● Work request:
Please transcribe the data that follows, keeping every line exact.

● Available data:
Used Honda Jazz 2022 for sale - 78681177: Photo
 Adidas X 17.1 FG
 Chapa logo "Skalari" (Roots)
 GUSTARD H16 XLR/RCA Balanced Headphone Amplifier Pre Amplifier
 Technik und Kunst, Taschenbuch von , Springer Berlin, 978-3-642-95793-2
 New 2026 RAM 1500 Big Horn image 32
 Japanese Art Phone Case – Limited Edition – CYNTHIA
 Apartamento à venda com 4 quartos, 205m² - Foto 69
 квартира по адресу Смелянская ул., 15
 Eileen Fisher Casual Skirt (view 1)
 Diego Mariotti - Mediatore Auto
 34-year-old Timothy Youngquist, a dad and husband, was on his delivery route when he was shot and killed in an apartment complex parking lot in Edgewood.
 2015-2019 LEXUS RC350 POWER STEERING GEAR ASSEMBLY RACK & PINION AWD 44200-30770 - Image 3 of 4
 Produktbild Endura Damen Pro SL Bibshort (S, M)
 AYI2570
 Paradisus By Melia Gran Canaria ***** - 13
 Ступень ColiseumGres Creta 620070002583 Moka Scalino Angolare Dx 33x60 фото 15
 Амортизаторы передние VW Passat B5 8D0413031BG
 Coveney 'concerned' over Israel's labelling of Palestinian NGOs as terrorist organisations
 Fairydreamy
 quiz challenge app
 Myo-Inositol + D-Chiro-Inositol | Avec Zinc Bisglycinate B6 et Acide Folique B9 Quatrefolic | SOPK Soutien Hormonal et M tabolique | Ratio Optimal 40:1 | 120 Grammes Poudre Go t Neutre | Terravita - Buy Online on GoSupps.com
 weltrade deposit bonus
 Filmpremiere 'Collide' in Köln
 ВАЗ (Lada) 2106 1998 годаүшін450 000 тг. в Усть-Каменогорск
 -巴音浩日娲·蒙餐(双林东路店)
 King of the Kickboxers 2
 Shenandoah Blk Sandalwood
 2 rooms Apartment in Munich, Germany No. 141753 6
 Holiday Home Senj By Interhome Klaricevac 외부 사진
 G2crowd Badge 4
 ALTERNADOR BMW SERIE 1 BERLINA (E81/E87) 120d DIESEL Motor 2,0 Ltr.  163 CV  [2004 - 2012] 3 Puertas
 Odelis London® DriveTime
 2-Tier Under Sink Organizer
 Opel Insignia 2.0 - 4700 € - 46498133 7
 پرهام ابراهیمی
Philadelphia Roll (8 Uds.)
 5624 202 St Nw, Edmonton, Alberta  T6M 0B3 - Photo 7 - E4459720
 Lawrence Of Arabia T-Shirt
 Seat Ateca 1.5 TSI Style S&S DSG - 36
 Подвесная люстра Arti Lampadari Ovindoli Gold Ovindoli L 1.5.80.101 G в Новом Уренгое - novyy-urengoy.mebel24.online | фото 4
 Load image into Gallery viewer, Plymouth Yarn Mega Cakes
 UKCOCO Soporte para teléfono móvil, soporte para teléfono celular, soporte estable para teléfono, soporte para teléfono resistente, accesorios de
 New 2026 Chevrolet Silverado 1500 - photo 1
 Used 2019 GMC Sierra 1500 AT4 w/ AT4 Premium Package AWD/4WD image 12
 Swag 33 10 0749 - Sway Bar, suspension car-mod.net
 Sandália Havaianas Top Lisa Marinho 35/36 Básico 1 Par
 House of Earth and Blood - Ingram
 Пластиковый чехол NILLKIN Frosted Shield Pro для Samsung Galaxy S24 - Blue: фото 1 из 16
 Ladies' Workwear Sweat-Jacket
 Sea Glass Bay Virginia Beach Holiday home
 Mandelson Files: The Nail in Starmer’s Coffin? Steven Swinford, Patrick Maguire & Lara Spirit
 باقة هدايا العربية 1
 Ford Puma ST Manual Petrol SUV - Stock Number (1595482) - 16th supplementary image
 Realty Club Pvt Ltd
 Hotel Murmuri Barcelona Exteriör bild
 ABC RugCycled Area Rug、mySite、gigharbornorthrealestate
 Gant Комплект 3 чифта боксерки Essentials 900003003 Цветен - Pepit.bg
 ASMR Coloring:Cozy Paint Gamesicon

● Response to the task:
Used Honda Jazz 2022 for sale - 78681177: Photo
 Adidas X 17.1 FG
 Chapa logo "Skalari" (Roots)
 GUSTARD H16 XLR/RCA Balanced Headphone Amplifier Pre Amplifier
 Technik und Kunst, Taschenbuch von , Springer Berlin, 978-3-642-95793-2
 New 2026 RAM 1500 Big Horn image 32
 Japanese Art Phone Case – Limited Edition – CYNTHIA
 Apartamento à venda com 4 quartos, 205m² - Foto 69
 квартира по адресу Смелянская ул., 15
 Eileen Fisher Casual Skirt (view 1)
 Diego Mariotti - Mediatore Auto
 34-year-old Timothy Youngquist, a dad and husband, was on his delivery route when he was shot and killed in an apartment complex parking lot in Edgewood.
 2015-2019 LEXUS RC350 POWER STEERING GEAR ASSEMBLY RACK & PINION AWD 44200-30770 - Image 3 of 4
 Produktbild Endura Damen Pro SL Bibshort (S, M)
 AYI2570
 Paradisus By Melia Gran Canaria ***** - 13
 Ступень ColiseumGres Creta 620070002583 Moka Scalino Angolare Dx 33x60 фото 15
 Амортизаторы передние VW Passat B5 8D0413031BG
 Coveney 'concerned' over Israel's labelling of Palestinian NGOs as terrorist organisations
 Fairydreamy
 quiz challenge app
 Myo-Inositol + D-Chiro-Inositol | Avec Zinc Bisglycinate B6 et Acide Folique B9 Quatrefolic | SOPK Soutien Hormonal et M tabolique | Ratio Optimal 40:1 | 120 Grammes Poudre Go t Neutre | Terravita - Buy Online on GoSupps.com
 weltrade deposit bonus
 Filmpremiere 'Collide' in Köln
 ВАЗ (Lada) 2106 1998 годаүшін450 000 тг. в Усть-Каменогорск
 -巴音浩日娲·蒙餐(双林东路店)
 King of the Kickboxers 2
 Shenandoah Blk Sandalwood
 2 rooms Apartment in Munich, Germany No. 141753 6
 Holiday Home Senj By Interhome Klaricevac 외부 사진
 G2crowd Badge 4
 ALTERNADOR BMW SERIE 1 BERLINA (E81/E87) 120d DIESEL Motor 2,0 Ltr.  163 CV  [2004 - 2012] 3 Puertas
 Odelis London® DriveTime
 2-Tier Under Sink Organizer
 Opel Insignia 2.0 - 4700 € - 46498133 7
 پرهام ابراهیمی
Philadelphia Roll (8 Uds.)
 5624 202 St Nw, Edmonton, Alberta  T6M 0B3 - Photo 7 - E4459720
 Lawrence Of Arabia T-Shirt
 Seat Ateca 1.5 TSI Style S&S DSG - 36
 Подвесная люстра Arti Lampadari Ovindoli Gold Ovindoli L 1.5.80.101 G в Новом Уренгое - novyy-urengoy.mebel24.online | фото 4
 Load image into Gallery viewer, Plymouth Yarn Mega Cakes
 UKCOCO Soporte para teléfono móvil, soporte para teléfono celular, soporte estable para teléfono, soporte para teléfono resistente, accesorios de
 New 2026 Chevrolet Silverado 1500 - photo 1
 Used 2019 GMC Sierra 1500 AT4 w/ AT4 Premium Package AWD/4WD image 12
 Swag 33 10 0749 - Sway Bar, suspension car-mod.net
 Sandália Havaianas Top Lisa Marinho 35/36 Básico 1 Par
 House of Earth and Blood - Ingram
 Пластиковый чехол NILLKIN Frosted Shield Pro для Samsung Galaxy S24 - Blue: фото 1 из 16
 Ladies' Workwear Sweat-Jacket
 Sea Glass Bay Virginia Beach Holiday home
 Mandelson Files: The Nail in Starmer’s Coffin? Steven Swinford, Patrick Maguire & Lara Spirit
 باقة هدايا العربية 1
 Ford Puma ST Manual Petrol SUV - Stock Number (1595482) - 16th supplementary image
 Realty Club Pvt Ltd
 Hotel Murmuri Barcelona Exteriör bild
 ABC RugCycled Area Rug、mySite、gigharbornorthrealestate
 Gant Комплект 3 чифта боксерки Essentials 900003003 Цветен - Pepit.bg
 ASMR Coloring:Cozy Paint Gamesicon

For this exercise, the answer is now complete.